The thought brought no relief—only a tightening, like the sea was already tallying the debt.
Whatever Veyrion is now—it isn’t the man I once trusted. The old Ymirskald code he once held sacred—honor, brotherhood, the chain of blood and bond—he’d cast it aside like so much ash in the snow. All that power, and no trace of who he used to be.
And now he had her.
I let the thought settle in my bones, cold and heavy, until my jaw ached from clenching it.
Veyrion might have taken her beyond my reach, but there isn’t a place in all the realms where I won’t follow. Not frost. Not shadow. Not even the gods themselves.
I slammed the journal shut and shoved it back into the drawer. No more pacing like a caged animal. No more letting Veyrion write the terms.
Garen didn’t bother knocking. He pushed the door shut behind him, taking in the chaos without comment—papers scattered, glass glittering on the floor, the reek of spilled rum.
“You planning to tear the whole ship apart,” he said, “or just your quarters?”
I ignored him, shoving aside the wreckage on my desk to clear space for the charts.

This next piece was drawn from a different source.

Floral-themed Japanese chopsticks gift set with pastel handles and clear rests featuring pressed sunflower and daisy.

The lantern swung between us, shadows slicing across the lines of his scarred face.
“We’re going after them,” I kept my tone level by sheer will. I met his eyes without flinching.
“North?” he asked carefully.
“Eventually.”
His brow lifted a fraction.
“We make for the Veil first,” I said. “The crew feeds. Properly. I won’t have them feral when we hit Ymirskald waters.”

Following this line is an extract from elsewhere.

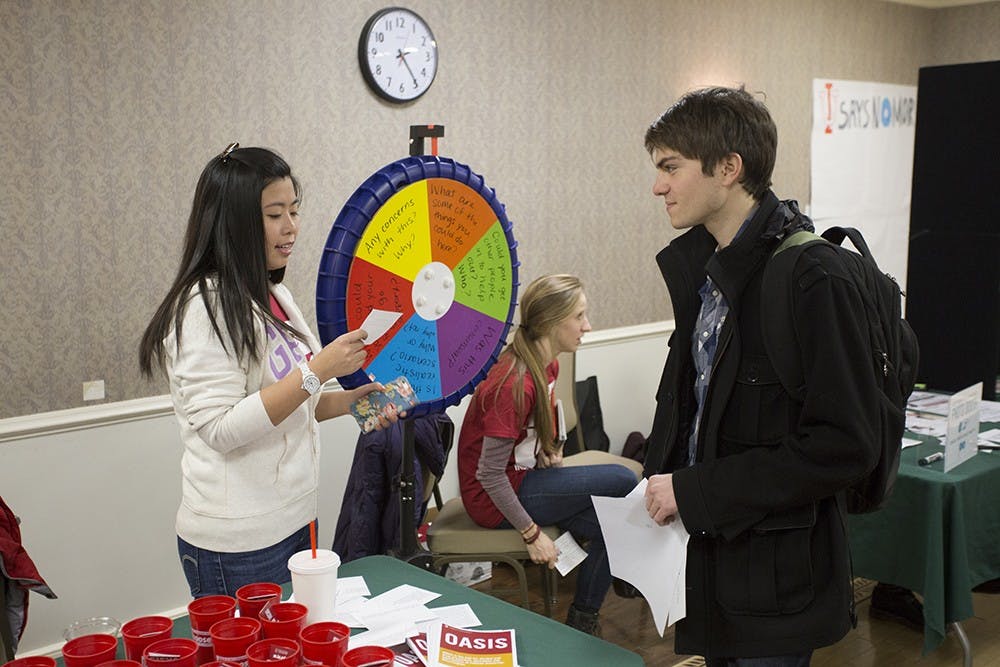 Junior Zach Osborn plays question and answer board about consent in an interactive awareness event for domestic violence at IMU.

He studied me, measuring the line between strategy and desperation. “Two days southwest.”
“I know.”
“And after?”
“After,” I said, rolling out the northern charts, “we turn toward the ice.”
“Plot it. Every sail ready before the tide turns.”
“Aye, Cap’n.”
When he was gone, the cabin felt colder. I stared at the dark horizon through the porthole until my reflection blurred into the glass.
The Veil first. To steady the men. Strength to carry us north.
Then Ymirskald.
The sea stirred uneasily beneath the hull—too still, too aware.
Every time I defied her, the cost grew steeper.
And this time, I wasn’t sure what she’d take in return.
34
Nerina
Covenant Ship
They gave me a room. If it could be called that. A windowless cell carved from the ship’s hold, lit by a single candle stub. A narrow cot. A basin. Iron rings bolted into the wall. Meant for chains.